Jalel Harchaoui : Il y a toujours un « mais ». Elle est neutre, mais elle tient à aider tous ceux qui combattent le terrorisme et en particulier une faction qui se dit être un ennemi idéal pour tous les groupes terroristes, et nous arrivons à cette idée de soutien surtout idéologique et diplomatique d’ailleurs, plutôt que sécuritaire, de soutien pour le maréchal Haftar. Il y a d’autres groupes qui se sont démarqués dans la lutte contre le terrorisme, et ces groupes-là étaient en dialogue avec la France, mais ils ont été totalement abandonnés au mois d’avril. On voyait déjà à l’époque la marque de la présidence Macron qui ne faisait que rendre plus visible une politique qui était déjà mise en place par Jean-Yves Le Drian sous François Hollande, mais de manière beaucoup plus discrète et clandestine.
Comment la France s’implique-t-elle dans le dossier libyen ?
En empêchant la condamnation du maréchal Haftar. Elle empêche l’Allemagne de condamner le maréchal Haftar, elle empêche l’Union européenne de former une diplomatie unifiée, elle empêche le Conseil de sécurité de l’ONU, même si évidemment la Russie le fait mieux. Il y a aussi la Maison Blanche de Donald Trump qui montre une véritable sympathie pour le maréchal Haftar. Mais même avant que Donald Trump ait pu se prononcer sur le dossier, la France traînait des pieds dans les forums diplomatiques. Et cela, ça vaut de l’or quand on a pour objectif de continuer une solution militaire qui se passe très mal, et dans laquelle on souhaite s’enliser pour devenir une solution sur le terrain. C’est très utile d’avoir une puissance diplomatique occidentale comme la France, que tout le monde écoute, et qui est là pour empêcher une condamnation spécifique contre un acteur précis, le maréchal Haftar.

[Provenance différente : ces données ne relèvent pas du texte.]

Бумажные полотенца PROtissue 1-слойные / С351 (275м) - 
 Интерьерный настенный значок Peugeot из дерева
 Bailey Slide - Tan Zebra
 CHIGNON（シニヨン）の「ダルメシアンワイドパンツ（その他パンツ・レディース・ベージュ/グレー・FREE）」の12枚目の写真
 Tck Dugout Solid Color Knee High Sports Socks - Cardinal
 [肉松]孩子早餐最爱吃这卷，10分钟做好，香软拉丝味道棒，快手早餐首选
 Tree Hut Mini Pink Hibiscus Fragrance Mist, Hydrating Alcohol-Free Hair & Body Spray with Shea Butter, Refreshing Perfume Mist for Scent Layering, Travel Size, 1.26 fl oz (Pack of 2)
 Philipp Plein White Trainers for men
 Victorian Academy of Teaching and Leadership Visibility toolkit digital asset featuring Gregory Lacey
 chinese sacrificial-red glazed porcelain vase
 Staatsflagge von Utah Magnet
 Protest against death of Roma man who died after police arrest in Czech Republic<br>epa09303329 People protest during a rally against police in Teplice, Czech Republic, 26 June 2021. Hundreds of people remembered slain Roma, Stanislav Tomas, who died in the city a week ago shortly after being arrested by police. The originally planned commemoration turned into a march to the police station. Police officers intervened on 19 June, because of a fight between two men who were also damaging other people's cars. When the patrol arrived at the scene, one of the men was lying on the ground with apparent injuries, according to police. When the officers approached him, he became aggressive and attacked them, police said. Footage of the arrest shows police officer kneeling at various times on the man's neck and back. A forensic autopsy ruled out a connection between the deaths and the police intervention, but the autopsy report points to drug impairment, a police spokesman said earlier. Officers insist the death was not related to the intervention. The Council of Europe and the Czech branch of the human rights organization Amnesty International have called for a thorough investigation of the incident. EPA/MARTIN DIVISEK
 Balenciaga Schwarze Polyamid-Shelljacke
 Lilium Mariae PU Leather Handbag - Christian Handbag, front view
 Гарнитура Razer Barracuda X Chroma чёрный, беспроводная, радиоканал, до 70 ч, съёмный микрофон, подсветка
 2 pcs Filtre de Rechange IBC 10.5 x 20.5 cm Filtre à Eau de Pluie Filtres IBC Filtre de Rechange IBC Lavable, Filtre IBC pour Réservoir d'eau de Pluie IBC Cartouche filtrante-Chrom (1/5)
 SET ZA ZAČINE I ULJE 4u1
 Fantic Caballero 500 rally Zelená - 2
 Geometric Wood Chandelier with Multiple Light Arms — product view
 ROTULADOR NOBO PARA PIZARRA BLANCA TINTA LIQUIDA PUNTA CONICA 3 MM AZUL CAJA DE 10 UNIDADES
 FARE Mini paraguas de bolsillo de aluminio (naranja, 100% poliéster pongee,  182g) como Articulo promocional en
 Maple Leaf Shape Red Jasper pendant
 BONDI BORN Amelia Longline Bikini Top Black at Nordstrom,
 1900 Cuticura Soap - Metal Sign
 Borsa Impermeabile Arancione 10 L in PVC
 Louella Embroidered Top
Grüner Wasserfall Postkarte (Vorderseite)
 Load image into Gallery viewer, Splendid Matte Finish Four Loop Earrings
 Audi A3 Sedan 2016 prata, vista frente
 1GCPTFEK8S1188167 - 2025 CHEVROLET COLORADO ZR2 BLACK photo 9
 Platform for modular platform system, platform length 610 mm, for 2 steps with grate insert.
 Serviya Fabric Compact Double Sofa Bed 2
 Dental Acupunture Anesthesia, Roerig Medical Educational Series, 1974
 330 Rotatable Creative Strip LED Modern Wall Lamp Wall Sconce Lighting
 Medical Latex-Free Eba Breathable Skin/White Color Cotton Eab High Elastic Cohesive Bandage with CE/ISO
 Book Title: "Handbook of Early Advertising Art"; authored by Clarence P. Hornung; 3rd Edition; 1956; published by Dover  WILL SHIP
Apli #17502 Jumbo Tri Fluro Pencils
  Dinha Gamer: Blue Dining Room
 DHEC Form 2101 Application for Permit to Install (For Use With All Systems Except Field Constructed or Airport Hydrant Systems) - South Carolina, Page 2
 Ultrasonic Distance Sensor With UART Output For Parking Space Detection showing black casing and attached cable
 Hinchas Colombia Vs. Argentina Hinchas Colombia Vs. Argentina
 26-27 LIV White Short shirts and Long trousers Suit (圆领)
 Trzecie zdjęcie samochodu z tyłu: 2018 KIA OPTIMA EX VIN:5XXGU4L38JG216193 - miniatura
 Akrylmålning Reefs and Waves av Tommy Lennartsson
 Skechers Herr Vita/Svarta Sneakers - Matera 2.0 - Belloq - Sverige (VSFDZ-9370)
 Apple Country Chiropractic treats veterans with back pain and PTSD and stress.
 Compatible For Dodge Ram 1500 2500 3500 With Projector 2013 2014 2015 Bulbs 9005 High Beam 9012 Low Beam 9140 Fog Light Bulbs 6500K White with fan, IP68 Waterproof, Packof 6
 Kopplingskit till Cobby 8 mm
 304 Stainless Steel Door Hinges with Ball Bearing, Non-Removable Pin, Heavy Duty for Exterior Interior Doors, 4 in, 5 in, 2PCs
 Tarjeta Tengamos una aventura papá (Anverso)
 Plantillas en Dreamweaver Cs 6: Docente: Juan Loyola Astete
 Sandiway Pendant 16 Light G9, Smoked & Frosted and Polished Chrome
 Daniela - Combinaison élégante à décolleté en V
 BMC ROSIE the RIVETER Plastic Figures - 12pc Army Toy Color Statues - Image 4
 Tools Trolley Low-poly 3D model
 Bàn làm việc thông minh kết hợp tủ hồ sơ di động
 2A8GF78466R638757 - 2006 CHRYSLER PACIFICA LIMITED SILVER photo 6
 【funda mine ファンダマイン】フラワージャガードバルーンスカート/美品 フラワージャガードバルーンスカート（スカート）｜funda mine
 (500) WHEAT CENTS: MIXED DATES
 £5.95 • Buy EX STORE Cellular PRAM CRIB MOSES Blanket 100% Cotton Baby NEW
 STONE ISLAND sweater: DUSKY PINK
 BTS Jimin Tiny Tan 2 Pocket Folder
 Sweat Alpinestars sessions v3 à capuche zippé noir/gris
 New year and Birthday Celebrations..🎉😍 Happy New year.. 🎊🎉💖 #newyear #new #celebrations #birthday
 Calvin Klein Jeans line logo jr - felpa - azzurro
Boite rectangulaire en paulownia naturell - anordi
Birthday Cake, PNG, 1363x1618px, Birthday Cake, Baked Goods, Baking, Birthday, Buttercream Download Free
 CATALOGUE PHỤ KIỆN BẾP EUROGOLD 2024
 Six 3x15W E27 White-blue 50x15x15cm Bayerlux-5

Elle est isolée la France dans ces positions-là ?
Non pas du tout. Il y a donc la Maison blanche, et ses figures anti-libérales qui ont une grande sympathie pour les figures autoritaires dans le monde arabe, comme le maréchal Haftar. Il y a la Russie, il y a l’Arabie saoudite, et surtout il y a le grand maître à penser : ce sont les Émirats arabes. La politique de la France ce n’est pas une création originale. C’est en grande partie une imitation de quelque chose qui a été mis en place à Abu Dabi.